Rapid kann es doch noch - und stellte das zu einem wichtigen Zeitpunkt unter Beweis.
Mit dem 3:2 über Sturm Graz gelang der erste Sieg seit 9. April, der erste Erfolg über die Steirer in dieser Saison und der erste "Dreier" seit der Teilung der Tabelle gegen ein Team aus den Top drei der Liga.
Damit liegt das Schicksal im Kampf um den vierten Platz ganz in den eigenen Händen. Ein Punkt am Samstag bei Austria Klagenfurt reicht, um den mit einem Europacup-Platz verbundenen Rang aus eigener Kraft zu fixieren.
Nach 33 gespielten Minuten hätte in Hütteldorf daran niemand geglaubt. Rapid agierte nervös und fehlerbehaftet, Sturm kam ohne großen Aufwand zu betreiben zu einer 2:0-Führung. Die Live-Tabelle wies für Rapid gar ein Horrorszenario aus, da Klagenfurt in Salzburg ebenso führte, wie die Austria in Linz - der sechste Platz drohte.
Dann setzte einmal mehr Guido Burgstaller einen Ball ohne große Nachfragen ins Netz.

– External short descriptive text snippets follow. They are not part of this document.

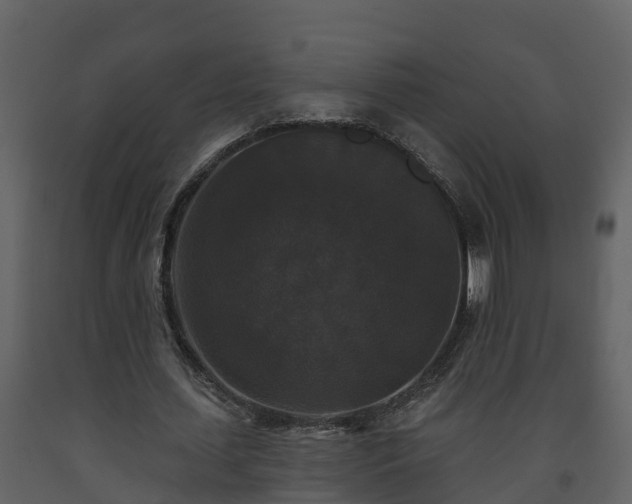 X0000093450627200710191103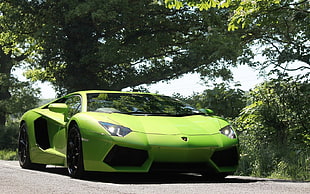 green supercar surrounded by green leaf trees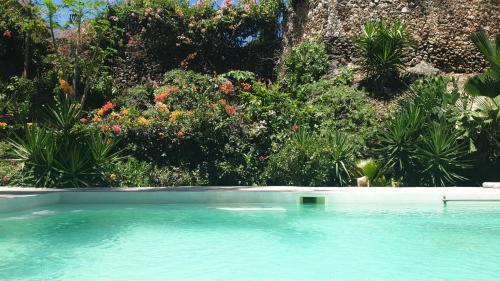 marijani holiday resort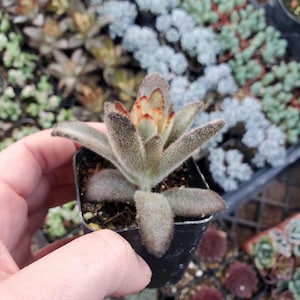 Kalanchoe tomentosa &#39;Cinnamon&#39; Succulent Plant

Und mit der letzten Aktion vor der Pause gelang durch Roman Kerschbaum der Ausgleich.
Ausgerechnet durch eine Ecke, nachdem die Standards durch erneuten Fan-Protest gegen Co-Trainer Thomas Hickersberger - seines Zeichens hauptverantwortlich für die Ideen bei offensiven Standards - wieder kurz in den Fokus rückten.

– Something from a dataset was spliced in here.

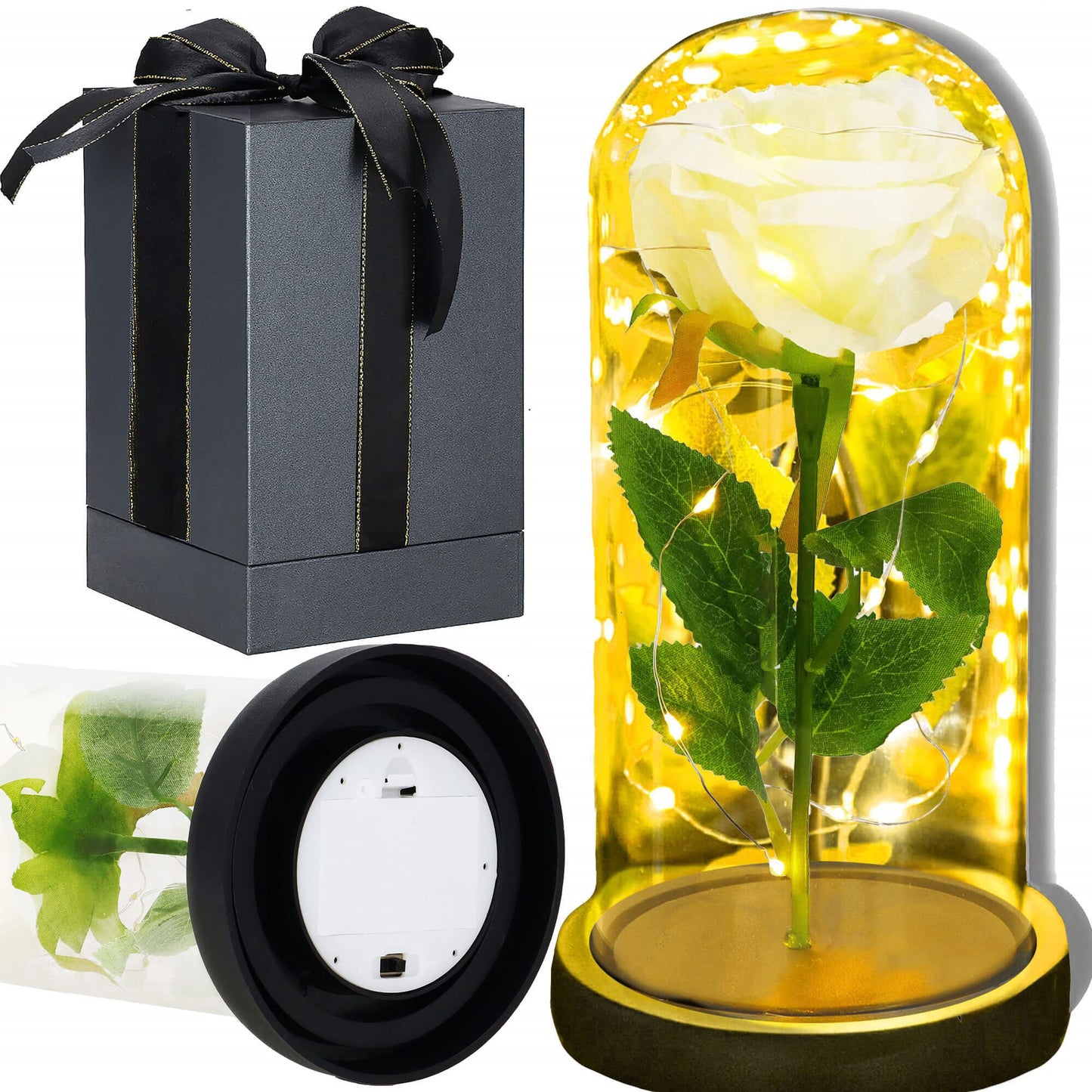 Amžinoji rožė stikliniame kupole  HA7443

Grüll: "Bis zum 1:2 war das gar nichts von uns"
Ein Aufschwung für die zweite Halbzeit, der die Wende brachte. Rapids Auftreten war kein Vergleich mit der ersten halben Stunde mehr, schließlich besorgte Marco Grüll nach zwei Assists mit einem beherzten Flachschuss auch den Sieg.
"Bis zum 1:2 war das gar nichts von uns. Dann haben wir aus dem Nichts das Tor geschossen, ist das Momentum auf unsere Seite gekippt. Das Wichtigste ist, dass wir das Spiel endlich einmal gewonnen haben. Es gibt nichts Schlimmeres, als wenn du zwei Monate nach jedem Spiel in die Kabine gehst und die Köpfe hängen. Heute war ein super Comeback und für alle ein Befreiungsschlag", fasste der Mann der Partie danach zusammen.
"Wir wissen, dass es im Meister-Playoff den Tick zu wenig war. Heute ist es uns gelungen, über Kampf und spielerische Qualität das Spiel so hinzudrehen, dass wir gewinnen konnten. Für die Moral sicher wichtig."
"Burgi" will die Lehren sehen
"Es war schon eine Enttäuschung da. Das hat man auch gespürt. Aber dann ist diese Energie zurückgekommen, die wir alle brauchen. Den Glauben nie zu verlieren, egal wie der Spielstand ist. Immer an das Positive glauben. Das war heute einfach so ein Spiel."
Auch Guido Burgstaller war von der Mentalität seiner Truppe, die er mit dem Anschlusstreffer wieder zum Leben erweckte, angetan: "Wenn man nach so einem Rückschlag so zurückkommt, sieht man, was die Mannschaft zu leisten imstande ist. Wille und Leidenschaft, da kann man keinem etwas vorwerfen", so der Kapitän.
Rapid müsse aus solchen Situationen aber die Lehren ziehen: "Wir haben gewusst, was auf uns zukommt. Das war viel zu einfach. Wir machen uns die ganze Saison schon das Leben selbst schwer. Aus diesen Situationen müssen wir lernen, damit wir den nächsten Step machen."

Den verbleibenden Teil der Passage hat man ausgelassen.